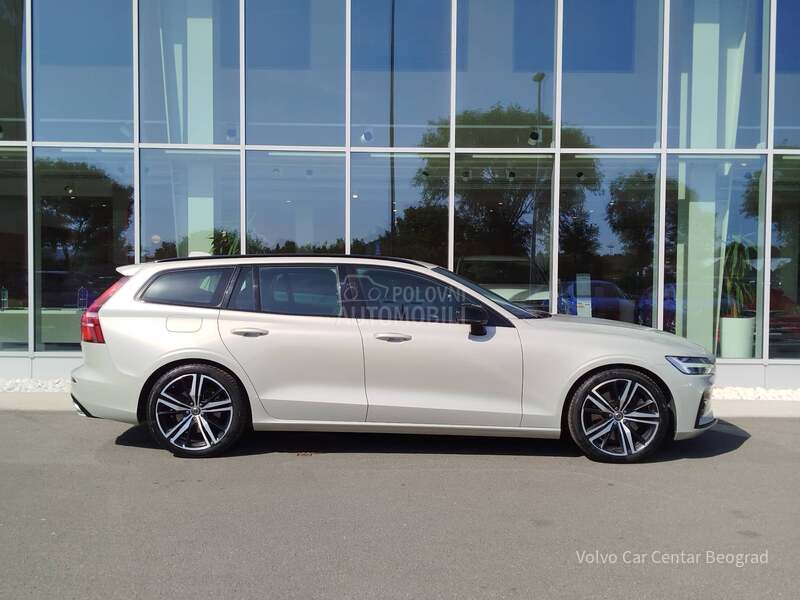 Volvo V60 2.0 T5 AWD R-DESING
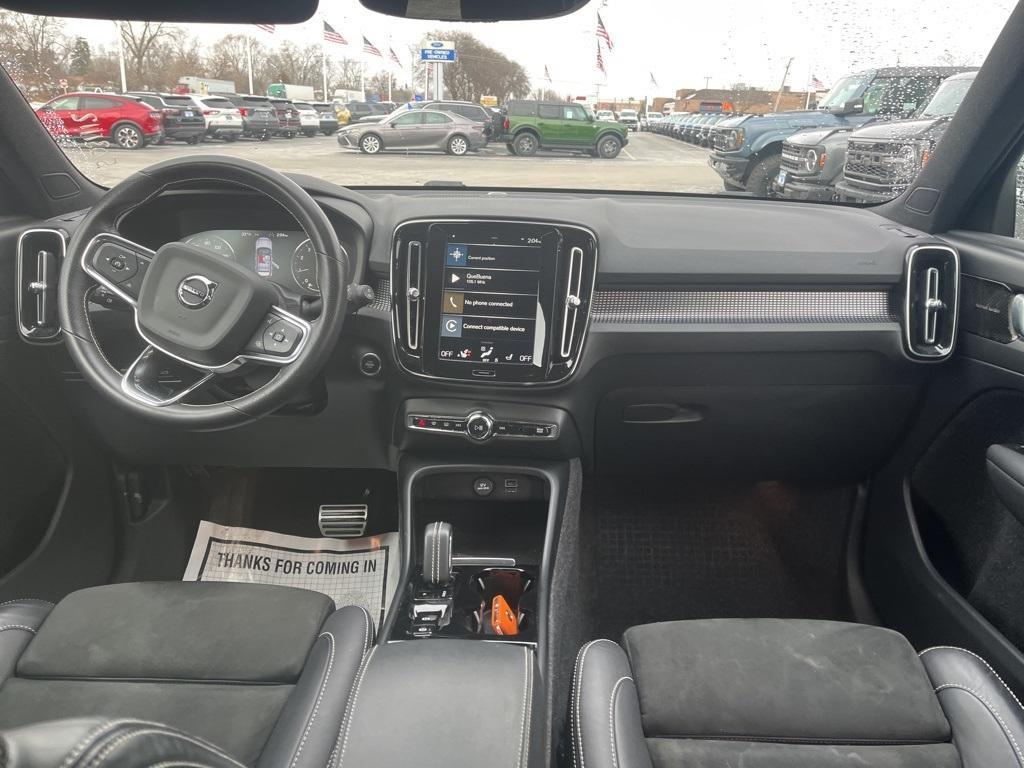 used 2021 Volvo XC40 car, priced at $24,888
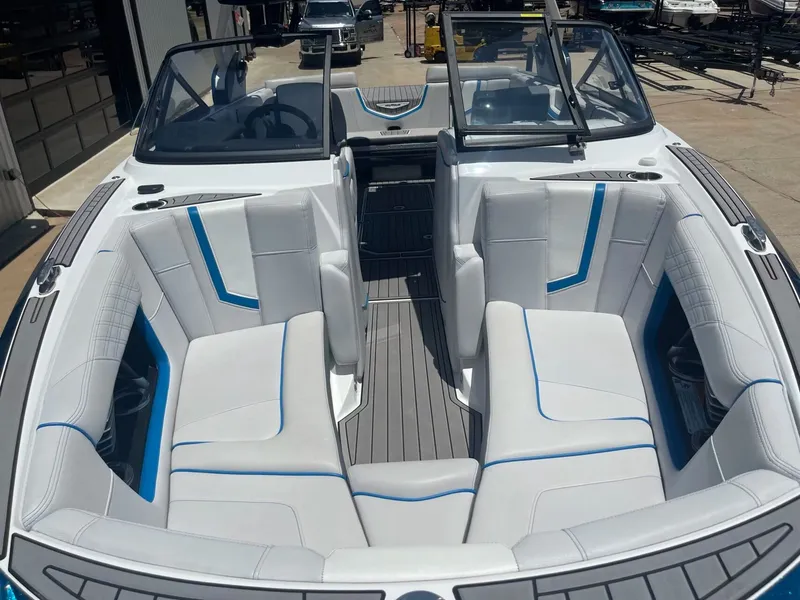 Slide: The Image of Nautique G23 2018 - 14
⁂
• [Work required]: Skip the pictures and copy exactly the lines from the one containing "used 2021 Volvo XC40 car, priced at $24,888" through the end of the material, both ends included.

• [Response to this task]:
 used 2021 Volvo XC40 car, priced at $24,888
 Slide: The Image of Nautique G23 2018 - 14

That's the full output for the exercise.